Kara, aralarında 50 ila 500 yıllık yöresel mutfak eşyaları, silahlar, ziraat aletleri gibi 5 bine yakın objeyi ziyaretçilerin beğenisine sundu. Evinin zemin katını bir müze gibi dizayn ettiğini belirten Kara, çocukluğunda ilgisini çeken eşyaları toplamaya başladığını, 2010 yılında evinin zemin katını müze ve kültür evi gibi düzenlediğini ifade etti. Kara, bu birikiminin çok uzun bir zaman diliminde oluştuğunu belirterek, "İlk etapta elimde yaklaşık 2 bin 500 civarında obje vardı. Kendi aldıklarıma çevre köylerden ziyaretine gelenlerin de sergilenmesi amacıyla getirdikleri de eklenince zemin katı genişletmek zorunda kaldım. Şu anda elimde 50 ila 500 yıl arasında 5 binden fazla objeye bulunuyor. Sürekli eşyalarımız çoğalıyor. Ben de burada sergilemekten mutluluk duyuyorum" dedi.
Kara'nın oluşturduğu Müze ve Kültürevi'nde yöresel mutfak eşyaları, müzik çalar, silahlar, ziraat ve tarımda kullanılan aletler, gramofon ve tarihi kitap gibi eşyalar bulunuyor.

"Gelenleri çok keyifli bir tarih yolculuğuna çıkardığıma inanıyorum"
Sergilediği objelere her geçen gün ilginin arttığına işaret eden Kara, gruplar halinde gelen dağcıların, doğa yürüyüşçülerinin ya da turla gelen turistlerin evine gezmeye geldiğini anlattı. Profesyonel tur rehberi seviyesinde evine gelenleri bilgilendirdiğini vurgulayan Kara, "Gelenleri çok keyifli bir tarih yolculuğuna çıkardığıma inanıyorum. Her ziyaretçi geldiğinde onlara zevkle bu eserlerin tanıtımını yapıyorum. Gelen ziyaretçilerden büyük mutluluk duyuyorum. Yaşadığım müddetçe müzemi daha da zenginleştireceğim" dedi.
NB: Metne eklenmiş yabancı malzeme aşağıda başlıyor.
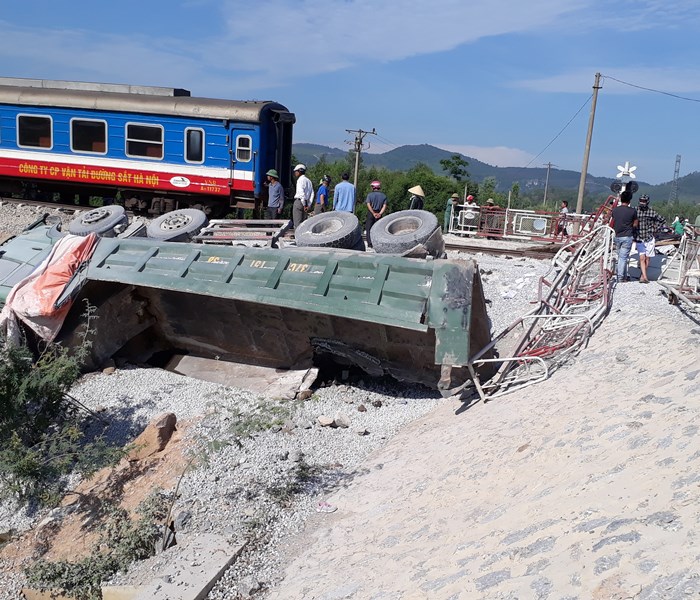 Vụ tai nạn tàu hỏa ở Thanh Hóa: 11 người thương vong - Anh 1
"Köylüler ellerinde olan objeleri de getiriyorlar"
Köyünde ve bölgesinde eski eşyaları toplayıp sergilediğini dile getiren Kara, şunları kaydetti:
"Eşyaları toplarken köylüler de bana yardımcı oldu. Evlerinde büyüklerinden kalan eşyaları vererek sergilememi istediler. Kendilerine teşekkür ederim. Bu sayede köyümüzün isminin duyulmasından mutluluk duyuyorlar. Konuklarımdan ücret talep etmiyorum. Kültürümüzü tanıtmak bana yetiyor. Bundan çok keyif alıyorum. Yaşadığım müddetçe müze evimi zenginleştirmeyi sürdüreceğim."

"Gençlerin bu eşyalara ilgisi yok"
Gençlerin bu konuyla ilgili olmamasından yakınan Kara, "Sonuçta tıpkı benim gibi onların anneleri babaları da bu eşyalarla haşır neşir olarak bu günlere gelmişler. Gençlerde bu eşyalara karşı pek ilgi yok. Yolda geçerken tesadüfen bu eski eşyalardan herhangi birine rastlasalar hiç ilgilerini çekmez, hatta ayakları ile bir kenara atıverirler" dedi.
Son yıllarda çoğu el sanatının tarihe karıştığına dikkati çeken Abdullah Kara, sözlerini şöyle tamamladı:
"Bakırcılık, kalaycılık, dokumacılık, yemenicilik, kaşıkçılık ve semercilik gibi. Bu el sanatlarına ait eşyalar, ileri yaştakilerin daha çok ilgisini çekiyor. Köyümüzde benim eski eşyalara meraklı olduğumu duyanlar, ellerinde olanları getiriyor. Zaten onların sayesinde bu kadar çok eşyayı bir araya getirebildim. Sonuçta bunların hepsi bir değerdir ve gelecek kuşaklara aktarılması gerekir."